Krauts in America
I actually wanted to go to L.A. But auto journalists have done L.A. to death, in both pictures and words, to such an extent that you probably would have greeted a road trip along the West Coast with a groan and a sigh and perhaps a roll of the eye. So where to go on this little holiday slash production trip? It definitely had to be someplace in America. For one thing, because my editor-in-chief wanted to have a “Krauts in America” story. For another thing, because of IHOP. IHOP is an American pancake house restaurant chain that serves breakfast twenty-four hours a day. And what a breakfast, lemme tell ya! IHOP is a dream come true. If we had IHOP in Germany, I’d eat there three times a day. Pancakes with maple syrup in the morning, pancakes with caramel sauce at noon, pancakes with blueberries and chocolate chips in the evening. Type 2 diabetes is on the house, just like the free glass of chlorinated ice water and the lemon-scented towelettes to wipe your hands.

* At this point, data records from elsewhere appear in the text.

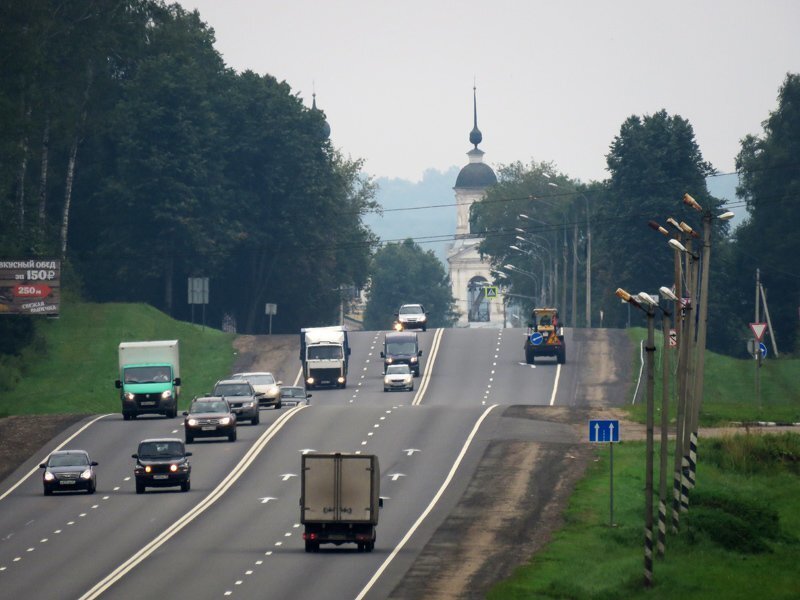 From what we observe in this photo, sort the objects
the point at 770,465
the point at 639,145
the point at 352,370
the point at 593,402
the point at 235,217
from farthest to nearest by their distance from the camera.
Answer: the point at 639,145 → the point at 235,217 → the point at 352,370 → the point at 593,402 → the point at 770,465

So: East Coast instead of West. Florida. Miami. Ocean Drive. There haven’t been so many photo series from there – especially not at night, as my partner/photographer Max said. And that had its reasons, but we’ll get back to that later. Two cars accompanied us on our journey. Though the word “car” isn’t entirely appropriate – more like “absolutely awesome autos”! A Chevrolet Camaro LT1 and a Ferrari 812 Superfast. Apples and oranges, actually, but each in its own way showed me once again how profound is my love of cars – despite all the criticism and ongoing social debate. As long as you still can, I would recommend everyone to drive a car with a V-engine at some point, no matter if it’s a V8 like in the Camaro or a V12 like in the Ferrari. It’s not exactly Greta-compliant, but if you have a guilty conscience, you can always plant a few trees. It’s worth it.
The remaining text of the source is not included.